YOUR OBJECTIVE:
Below are the records; give again exactly the line with "Златен мъжки пръстен, 10.65гр. ,Бургас", the line with "Sony discman e406ck - sony, groove", and each line that lies between them, and nothing besides.

(Beginning of EXTRACTED INFORMATION)

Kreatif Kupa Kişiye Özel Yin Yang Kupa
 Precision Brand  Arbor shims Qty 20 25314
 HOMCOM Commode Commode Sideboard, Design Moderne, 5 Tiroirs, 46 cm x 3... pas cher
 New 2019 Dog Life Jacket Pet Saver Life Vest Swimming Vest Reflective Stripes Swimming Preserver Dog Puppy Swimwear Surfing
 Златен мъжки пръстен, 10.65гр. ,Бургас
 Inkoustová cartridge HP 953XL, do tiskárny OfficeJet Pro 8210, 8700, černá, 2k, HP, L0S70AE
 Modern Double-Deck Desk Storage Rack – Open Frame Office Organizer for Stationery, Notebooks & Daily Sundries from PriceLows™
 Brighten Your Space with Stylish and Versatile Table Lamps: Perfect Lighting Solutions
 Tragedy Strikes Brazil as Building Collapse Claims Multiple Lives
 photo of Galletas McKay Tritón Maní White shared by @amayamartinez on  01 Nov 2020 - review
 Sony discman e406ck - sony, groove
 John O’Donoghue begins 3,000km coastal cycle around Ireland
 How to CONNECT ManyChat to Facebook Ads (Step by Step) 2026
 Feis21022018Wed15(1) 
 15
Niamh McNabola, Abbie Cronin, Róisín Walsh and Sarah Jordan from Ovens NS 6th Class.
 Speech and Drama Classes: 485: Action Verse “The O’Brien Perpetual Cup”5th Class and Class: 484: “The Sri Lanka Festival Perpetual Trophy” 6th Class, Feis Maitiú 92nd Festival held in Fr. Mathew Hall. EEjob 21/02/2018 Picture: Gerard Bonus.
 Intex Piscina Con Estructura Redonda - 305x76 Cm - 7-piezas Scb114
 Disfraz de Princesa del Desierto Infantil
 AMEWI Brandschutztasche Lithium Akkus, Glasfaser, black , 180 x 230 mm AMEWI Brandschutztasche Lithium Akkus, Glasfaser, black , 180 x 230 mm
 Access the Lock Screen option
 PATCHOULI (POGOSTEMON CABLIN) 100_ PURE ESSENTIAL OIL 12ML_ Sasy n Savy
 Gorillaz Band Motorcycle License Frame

(End of EXTRACTED INFORMATION)

PROBLEM SOLUTION:
 Златен мъжки пръстен, 10.65гр. ,Бургас
 Inkoustová cartridge HP 953XL, do tiskárny OfficeJet Pro 8210, 8700, černá, 2k, HP, L0S70AE
 Modern Double-Deck Desk Storage Rack – Open Frame Office Organizer for Stationery, Notebooks & Daily Sundries from PriceLows™
 Brighten Your Space with Stylish and Versatile Table Lamps: Perfect Lighting Solutions
 Tragedy Strikes Brazil as Building Collapse Claims Multiple Lives
 photo of Galletas McKay Tritón Maní White shared by @amayamartinez on  01 Nov 2020 - review
 Sony discman e406ck - sony, groove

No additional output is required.